What Aylward was most interested in was the structure of Ovid’s work as Calvino described it—a set of simple elements undergoing combinations and transformations—and crafted a suite of five movements based on that principle. The suite is realized here in a series of excellent performances by members of Klangforum Wien in various combinations.
The opening movement is Daedalus (2016) for a quartet of flute, clarinet/bass clarinet, violin and cello. Daedalus casts its elements as melodic fragments distributed among the four instruments, often taking the form of a single line passing through a spectrum of instrumental colors. Aylward handles unpitched timbral effects in a similar manner, juxtaposing air notes, pops, and snap pizzicato to create coherent aggregates. Mercury (2014) follows with the same instrumentation and hence covers similar timbral territory. Its sound is skittering and driven by underlying trills and glissandi; its arrangement is as a coincidence of soloists, with each instrument pursuing independent lines ultimately tied together by overlapping dynamics. Ephemera, also from 2014, is for the duo of cello and bass clarinet. It continues and expands on the atmosphere created by Mercury, employing some of the same gestures while exploiting the dramatic effects facilitated by the timbral differences of these two instruments of close compass. Despite the minimal instrumentation, the piece has a full, almost lush, sound. Narcissus (2018) is for a seven-piece ensemble of flutes, oboe, clarinet/bass clarinet, string trio of violin, viola, and cello and percussion. Appropriately enough, the piece creates a sonic mirror effect with repeated and varied lines reflected back and forth among the instruments. The tuned percussion add a nice anchoring presence to the winds and strings.
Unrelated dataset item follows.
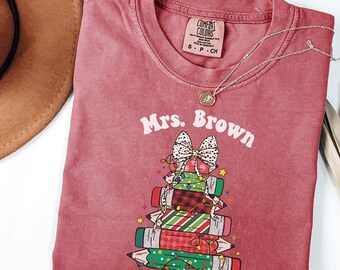 May include: A maroon Comfort Colors t-shirt with the name "Mrs. Brown" printed on it. The shirt features a graphic of a stack of pencils decorated as a Christmas tree with a white bow, lights, and stars. A silver necklace with a pendant is on the shirt.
The last movement is Ananke (2019), named for the goddess of necessity—the most powerful figure in Greek mythology. Aylward scores the piece with the same instrumentation as Narcissus, but with piano substituting for percussion and playing a key role in driving the music. Ananke is urgent, forceful, insistent, and altogether compelling—like its namesake.
Celestial Forms and Stories follows Angelus Novus, Aylward’s 2020 album for voice and chamber ensemble. Like Angelus Novus, Celestial Forms is an ambitious work that aims for thematic and structural coherence and like Angelus Novus, it succeeds—and in doing so embodies the ancient Greek quality of arete: “excellence.”